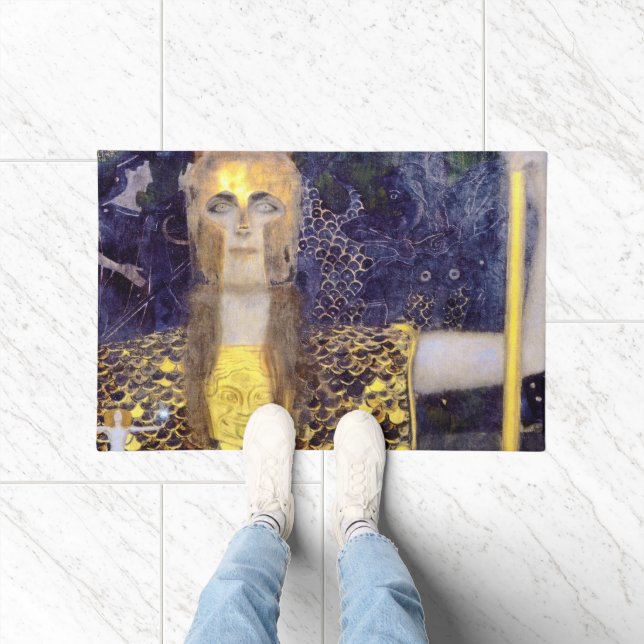 Pallas Athena, Gustav Klimt Fußmatte (Indoor)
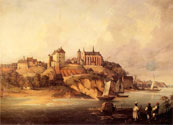 Widok Sandomierza od strony Wisly, 1855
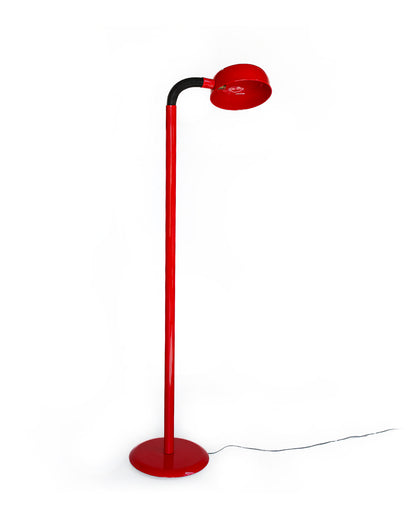 Vintage Red Gooseneck Floor Lamp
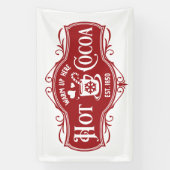 Festliche Weihnachts-Hot-Kakao-Bar Banner (Vertikal)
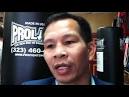 Gerry penalosa Talks Boxing, Manny Pacquiao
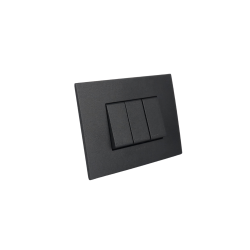Interruptor 9/12 Teclon 3 Modulos 16A 250V Sinthesi 44 Carbón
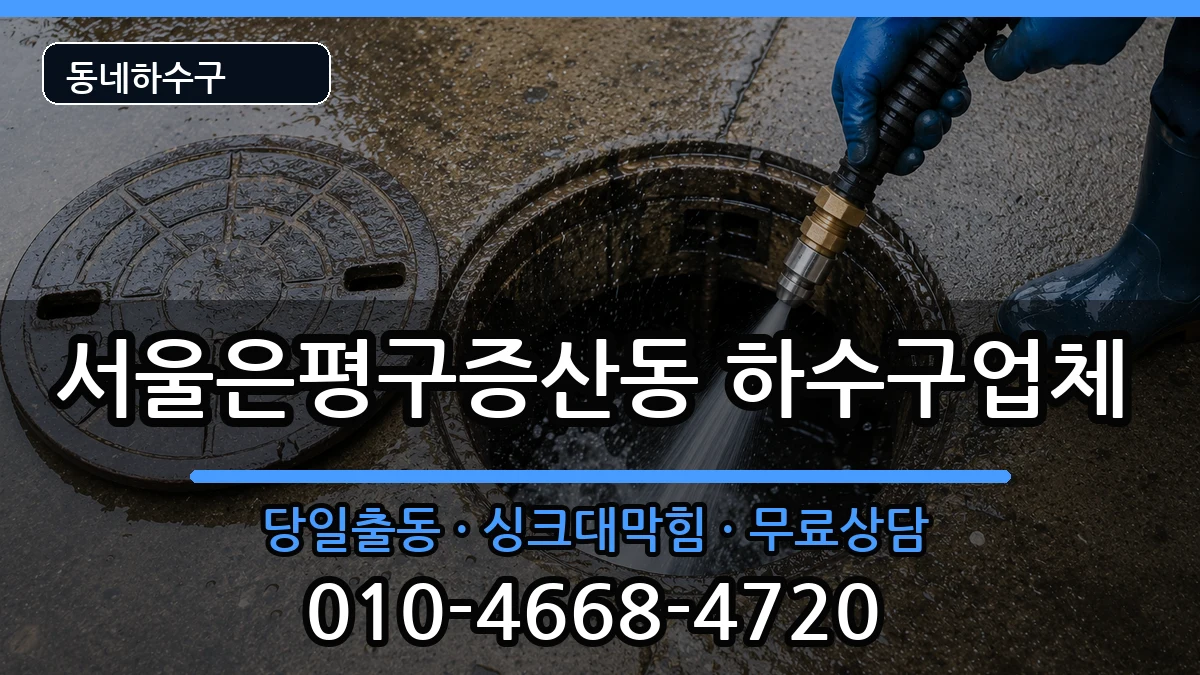 서울은평구증산동 하수구막힘 서울은평구증산동 하수구막힘 증상 처리 안내 이미지 1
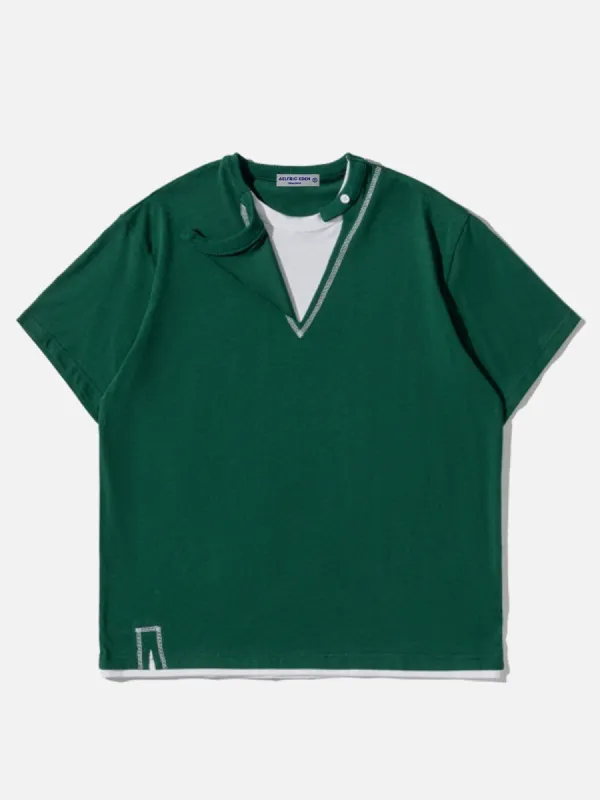 Aelfric Eden Solid Patchwork Tee sold by Aelfric Eden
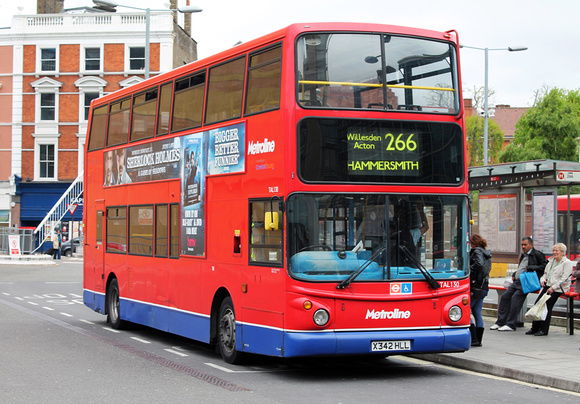Route 266, Metroline, TAL130, X342HLL, Hammersmith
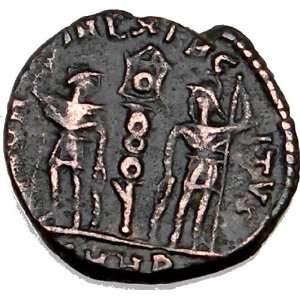  Ancient Roman Coin CONSTANTIUS II w/ Legions & Banner 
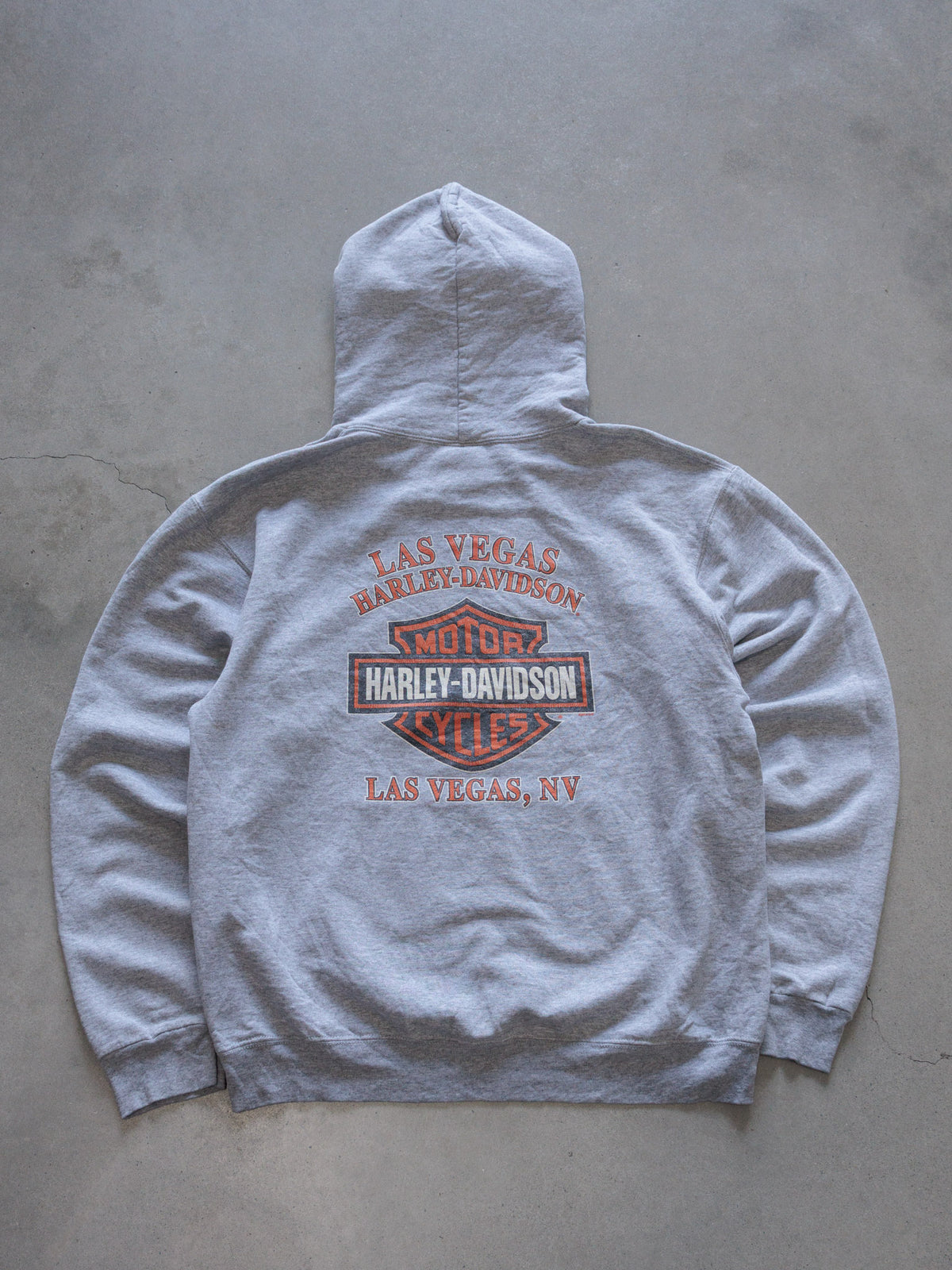 Vintage Grey Harley-Davidson Las Vegas Hoodie (M)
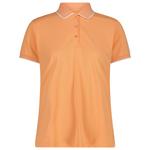 Женская рубашка-поло из эластичного пике Cmp, Salmone - фото
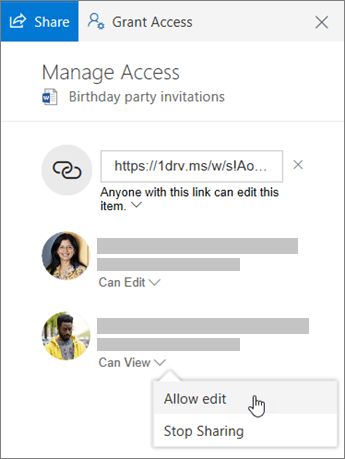 Screenshot of the Sharing section of the Details pane for a shared file.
====================
== The task ==
When you reach the line that has "Vintage Red Gooseneck Floor Lamp" in the data above, start repeating lines exactly, and stop after the line that has "Aelfric Eden Solid"; pictures stay out.

== Completed task ==
 Vintage Red Gooseneck Floor Lamp
 Festliche Weihnachts-Hot-Kakao-Bar Banner (Vertikal)
 Gerry penalosa Talks Boxing, Manny Pacquiao
Interruptor 9/12 Teclon 3 Modulos 16A 250V Sinthesi 44 Carbón
 서울은평구증산동 하수구막힘 서울은평구증산동 하수구막힘 증상 처리 안내 이미지 1
 Aelfric Eden Solid Patchwork Tee sold by Aelfric Eden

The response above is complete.